Short descriptive text snippets

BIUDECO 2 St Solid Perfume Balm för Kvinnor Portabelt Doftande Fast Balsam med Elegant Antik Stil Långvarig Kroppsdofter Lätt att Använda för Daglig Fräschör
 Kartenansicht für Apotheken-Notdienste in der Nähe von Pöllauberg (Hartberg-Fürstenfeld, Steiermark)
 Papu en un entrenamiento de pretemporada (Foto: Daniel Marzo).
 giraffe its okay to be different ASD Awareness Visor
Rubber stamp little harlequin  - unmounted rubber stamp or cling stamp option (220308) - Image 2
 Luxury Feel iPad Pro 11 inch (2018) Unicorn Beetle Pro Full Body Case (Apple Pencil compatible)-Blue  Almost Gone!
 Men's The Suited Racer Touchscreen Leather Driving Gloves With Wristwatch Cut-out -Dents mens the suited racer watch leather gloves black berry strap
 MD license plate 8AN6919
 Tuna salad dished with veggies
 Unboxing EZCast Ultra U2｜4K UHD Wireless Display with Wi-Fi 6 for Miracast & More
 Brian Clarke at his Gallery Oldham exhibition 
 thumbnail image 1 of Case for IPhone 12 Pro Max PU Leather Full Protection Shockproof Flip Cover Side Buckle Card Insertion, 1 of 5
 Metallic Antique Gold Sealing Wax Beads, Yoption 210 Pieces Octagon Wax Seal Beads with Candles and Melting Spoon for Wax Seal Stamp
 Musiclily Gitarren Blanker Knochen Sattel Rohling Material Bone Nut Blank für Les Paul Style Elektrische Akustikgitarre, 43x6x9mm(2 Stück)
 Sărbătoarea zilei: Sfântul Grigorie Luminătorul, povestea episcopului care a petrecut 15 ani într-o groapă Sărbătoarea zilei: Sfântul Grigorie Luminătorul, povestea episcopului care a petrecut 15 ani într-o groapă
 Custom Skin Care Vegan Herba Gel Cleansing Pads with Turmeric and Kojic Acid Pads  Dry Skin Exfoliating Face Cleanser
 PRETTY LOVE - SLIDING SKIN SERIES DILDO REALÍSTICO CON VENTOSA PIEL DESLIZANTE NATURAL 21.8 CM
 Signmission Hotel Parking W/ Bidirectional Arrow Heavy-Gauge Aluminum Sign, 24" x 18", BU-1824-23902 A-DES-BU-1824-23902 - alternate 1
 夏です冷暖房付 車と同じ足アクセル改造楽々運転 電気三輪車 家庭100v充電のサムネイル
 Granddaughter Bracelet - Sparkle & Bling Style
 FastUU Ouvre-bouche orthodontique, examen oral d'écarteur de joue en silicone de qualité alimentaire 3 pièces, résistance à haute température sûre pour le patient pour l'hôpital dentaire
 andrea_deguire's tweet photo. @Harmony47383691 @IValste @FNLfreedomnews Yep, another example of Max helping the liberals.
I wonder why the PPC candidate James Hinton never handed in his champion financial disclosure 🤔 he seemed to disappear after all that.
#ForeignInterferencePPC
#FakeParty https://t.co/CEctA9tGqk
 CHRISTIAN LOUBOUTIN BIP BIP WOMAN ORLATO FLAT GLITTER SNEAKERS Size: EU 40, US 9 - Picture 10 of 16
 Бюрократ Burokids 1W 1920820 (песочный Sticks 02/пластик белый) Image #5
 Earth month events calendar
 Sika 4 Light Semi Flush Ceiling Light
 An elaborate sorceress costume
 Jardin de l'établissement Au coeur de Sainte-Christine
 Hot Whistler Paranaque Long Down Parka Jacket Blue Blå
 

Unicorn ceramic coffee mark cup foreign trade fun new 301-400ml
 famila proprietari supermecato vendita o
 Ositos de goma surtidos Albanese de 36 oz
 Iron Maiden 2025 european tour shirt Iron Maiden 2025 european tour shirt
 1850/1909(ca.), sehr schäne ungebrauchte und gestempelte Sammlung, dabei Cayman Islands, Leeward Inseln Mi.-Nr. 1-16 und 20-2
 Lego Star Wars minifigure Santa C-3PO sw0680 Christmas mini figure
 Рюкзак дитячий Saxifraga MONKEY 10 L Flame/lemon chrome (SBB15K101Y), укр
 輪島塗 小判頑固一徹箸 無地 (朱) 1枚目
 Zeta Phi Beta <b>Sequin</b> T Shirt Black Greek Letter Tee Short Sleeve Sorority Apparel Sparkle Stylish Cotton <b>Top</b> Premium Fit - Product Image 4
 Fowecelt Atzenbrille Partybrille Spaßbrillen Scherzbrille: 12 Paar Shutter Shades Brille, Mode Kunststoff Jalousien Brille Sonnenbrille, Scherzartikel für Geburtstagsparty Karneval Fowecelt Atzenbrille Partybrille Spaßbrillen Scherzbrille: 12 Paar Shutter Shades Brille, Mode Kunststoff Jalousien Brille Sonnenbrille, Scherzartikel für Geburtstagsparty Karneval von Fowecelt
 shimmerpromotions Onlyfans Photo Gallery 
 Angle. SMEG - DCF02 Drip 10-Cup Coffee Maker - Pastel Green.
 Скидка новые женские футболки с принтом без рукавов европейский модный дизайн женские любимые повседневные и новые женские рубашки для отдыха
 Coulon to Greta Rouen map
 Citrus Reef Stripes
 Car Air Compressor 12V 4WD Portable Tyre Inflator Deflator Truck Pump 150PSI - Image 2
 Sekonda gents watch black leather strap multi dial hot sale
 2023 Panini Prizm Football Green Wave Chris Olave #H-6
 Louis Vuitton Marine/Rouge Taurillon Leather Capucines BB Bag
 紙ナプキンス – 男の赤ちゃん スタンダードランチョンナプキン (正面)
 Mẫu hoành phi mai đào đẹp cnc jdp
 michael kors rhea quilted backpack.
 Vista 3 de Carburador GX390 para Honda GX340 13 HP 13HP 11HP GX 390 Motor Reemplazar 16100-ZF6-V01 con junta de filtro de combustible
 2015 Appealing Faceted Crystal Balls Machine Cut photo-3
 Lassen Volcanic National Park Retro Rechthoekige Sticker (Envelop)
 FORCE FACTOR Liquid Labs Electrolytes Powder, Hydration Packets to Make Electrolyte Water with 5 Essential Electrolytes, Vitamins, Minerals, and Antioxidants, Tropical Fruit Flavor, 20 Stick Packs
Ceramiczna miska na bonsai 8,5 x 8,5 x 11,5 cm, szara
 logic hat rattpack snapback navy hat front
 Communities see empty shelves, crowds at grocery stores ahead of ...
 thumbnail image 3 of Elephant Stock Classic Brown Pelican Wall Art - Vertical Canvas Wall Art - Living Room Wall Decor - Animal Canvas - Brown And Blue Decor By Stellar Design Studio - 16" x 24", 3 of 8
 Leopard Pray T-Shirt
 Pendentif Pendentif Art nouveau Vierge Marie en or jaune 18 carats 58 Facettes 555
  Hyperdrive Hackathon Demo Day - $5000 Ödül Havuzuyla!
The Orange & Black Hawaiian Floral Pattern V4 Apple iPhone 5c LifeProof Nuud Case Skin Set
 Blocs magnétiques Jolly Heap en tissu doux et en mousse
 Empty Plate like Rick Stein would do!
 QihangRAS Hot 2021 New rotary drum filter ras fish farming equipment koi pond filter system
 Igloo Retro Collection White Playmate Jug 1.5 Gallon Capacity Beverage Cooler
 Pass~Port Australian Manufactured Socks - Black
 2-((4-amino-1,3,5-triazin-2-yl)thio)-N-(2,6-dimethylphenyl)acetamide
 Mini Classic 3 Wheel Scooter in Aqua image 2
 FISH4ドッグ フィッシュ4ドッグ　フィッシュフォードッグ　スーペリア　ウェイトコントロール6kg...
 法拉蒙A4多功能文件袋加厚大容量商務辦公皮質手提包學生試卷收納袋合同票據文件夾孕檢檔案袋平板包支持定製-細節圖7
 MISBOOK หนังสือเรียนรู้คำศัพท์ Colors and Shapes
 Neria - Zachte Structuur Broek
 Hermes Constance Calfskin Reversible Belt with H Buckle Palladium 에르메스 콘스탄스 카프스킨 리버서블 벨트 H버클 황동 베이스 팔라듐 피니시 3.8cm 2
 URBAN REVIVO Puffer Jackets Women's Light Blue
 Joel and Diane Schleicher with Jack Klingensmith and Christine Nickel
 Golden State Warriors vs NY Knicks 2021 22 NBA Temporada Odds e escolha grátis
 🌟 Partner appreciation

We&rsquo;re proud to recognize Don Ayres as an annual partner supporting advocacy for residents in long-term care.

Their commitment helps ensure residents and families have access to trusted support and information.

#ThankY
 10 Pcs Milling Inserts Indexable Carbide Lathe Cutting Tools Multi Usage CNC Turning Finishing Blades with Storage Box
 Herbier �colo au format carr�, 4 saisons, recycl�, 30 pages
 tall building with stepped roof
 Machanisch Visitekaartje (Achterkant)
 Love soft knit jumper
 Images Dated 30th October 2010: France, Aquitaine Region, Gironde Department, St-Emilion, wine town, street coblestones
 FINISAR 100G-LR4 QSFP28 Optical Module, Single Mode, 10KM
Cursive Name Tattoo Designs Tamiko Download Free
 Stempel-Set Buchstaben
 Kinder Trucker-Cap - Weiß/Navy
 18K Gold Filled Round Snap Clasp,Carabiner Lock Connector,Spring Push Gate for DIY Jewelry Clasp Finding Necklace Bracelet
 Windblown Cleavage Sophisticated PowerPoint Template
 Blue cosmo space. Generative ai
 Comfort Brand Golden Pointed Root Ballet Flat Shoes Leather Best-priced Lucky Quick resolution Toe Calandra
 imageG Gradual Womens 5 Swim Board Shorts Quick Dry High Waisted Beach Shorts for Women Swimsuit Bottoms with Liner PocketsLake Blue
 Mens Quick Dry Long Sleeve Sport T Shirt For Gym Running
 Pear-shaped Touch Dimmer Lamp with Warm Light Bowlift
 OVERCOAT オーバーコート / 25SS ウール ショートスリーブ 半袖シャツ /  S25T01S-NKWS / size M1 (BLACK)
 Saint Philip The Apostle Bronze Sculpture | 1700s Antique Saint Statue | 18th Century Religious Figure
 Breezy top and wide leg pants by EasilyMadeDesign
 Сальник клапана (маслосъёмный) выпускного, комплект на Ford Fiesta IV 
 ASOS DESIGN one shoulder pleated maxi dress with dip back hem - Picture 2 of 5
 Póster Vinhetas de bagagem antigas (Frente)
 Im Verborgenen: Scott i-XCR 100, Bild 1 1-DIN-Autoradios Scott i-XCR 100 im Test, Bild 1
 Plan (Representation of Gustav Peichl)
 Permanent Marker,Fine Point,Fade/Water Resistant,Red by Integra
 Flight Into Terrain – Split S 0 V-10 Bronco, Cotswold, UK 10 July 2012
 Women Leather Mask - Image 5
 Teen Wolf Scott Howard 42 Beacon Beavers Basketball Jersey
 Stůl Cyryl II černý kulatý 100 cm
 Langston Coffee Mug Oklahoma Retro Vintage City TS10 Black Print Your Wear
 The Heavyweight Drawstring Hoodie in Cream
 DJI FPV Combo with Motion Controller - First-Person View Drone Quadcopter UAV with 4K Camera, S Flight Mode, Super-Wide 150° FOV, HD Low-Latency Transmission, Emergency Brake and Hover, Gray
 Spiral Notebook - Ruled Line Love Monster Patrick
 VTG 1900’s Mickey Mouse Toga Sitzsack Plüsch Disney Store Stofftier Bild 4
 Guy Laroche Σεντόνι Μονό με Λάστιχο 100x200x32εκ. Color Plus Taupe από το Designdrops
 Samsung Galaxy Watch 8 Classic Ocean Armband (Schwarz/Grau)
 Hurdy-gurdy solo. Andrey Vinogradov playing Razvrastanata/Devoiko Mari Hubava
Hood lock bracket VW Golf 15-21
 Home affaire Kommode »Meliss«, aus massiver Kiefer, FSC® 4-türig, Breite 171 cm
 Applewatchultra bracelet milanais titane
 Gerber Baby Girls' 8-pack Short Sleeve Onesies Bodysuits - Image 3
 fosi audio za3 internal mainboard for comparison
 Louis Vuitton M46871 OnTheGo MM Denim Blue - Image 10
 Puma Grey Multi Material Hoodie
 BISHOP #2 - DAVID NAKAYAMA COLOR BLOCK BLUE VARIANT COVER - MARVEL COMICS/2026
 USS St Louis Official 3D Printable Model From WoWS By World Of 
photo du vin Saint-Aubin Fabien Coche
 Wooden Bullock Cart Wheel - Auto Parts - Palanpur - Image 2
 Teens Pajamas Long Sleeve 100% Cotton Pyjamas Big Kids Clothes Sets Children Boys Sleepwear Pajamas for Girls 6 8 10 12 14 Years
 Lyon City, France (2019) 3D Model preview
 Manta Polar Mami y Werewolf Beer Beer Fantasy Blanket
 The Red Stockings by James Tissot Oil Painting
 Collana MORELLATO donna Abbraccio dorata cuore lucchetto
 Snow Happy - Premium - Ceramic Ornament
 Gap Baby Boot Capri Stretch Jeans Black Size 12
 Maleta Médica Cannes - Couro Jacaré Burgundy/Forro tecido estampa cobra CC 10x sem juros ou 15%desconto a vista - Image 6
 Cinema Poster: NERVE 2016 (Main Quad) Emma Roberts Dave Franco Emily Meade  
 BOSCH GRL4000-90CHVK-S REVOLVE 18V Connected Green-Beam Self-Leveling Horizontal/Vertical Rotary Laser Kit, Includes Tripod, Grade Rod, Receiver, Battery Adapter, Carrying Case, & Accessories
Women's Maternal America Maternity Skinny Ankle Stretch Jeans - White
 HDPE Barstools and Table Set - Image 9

- EXERCISE PROMPT -
Print the lines above from the one with "2023 Panini Prizm" through the one with "Ceramiczna miska na", both included, exactly as written and nothing more.

- ANSWER BOX -
 2023 Panini Prizm Football Green Wave Chris Olave #H-6
 Louis Vuitton Marine/Rouge Taurillon Leather Capucines BB Bag
 紙ナプキンス – 男の赤ちゃん スタンダードランチョンナプキン (正面)
 Mẫu hoành phi mai đào đẹp cnc jdp
 michael kors rhea quilted backpack.
 Vista 3 de Carburador GX390 para Honda GX340 13 HP 13HP 11HP GX 390 Motor Reemplazar 16100-ZF6-V01 con junta de filtro de combustible
 2015 Appealing Faceted Crystal Balls Machine Cut photo-3
 Lassen Volcanic National Park Retro Rechthoekige Sticker (Envelop)
 FORCE FACTOR Liquid Labs Electrolytes Powder, Hydration Packets to Make Electrolyte Water with 5 Essential Electrolytes, Vitamins, Minerals, and Antioxidants, Tropical Fruit Flavor, 20 Stick Packs
Ceramiczna miska na bonsai 8,5 x 8,5 x 11,5 cm, szara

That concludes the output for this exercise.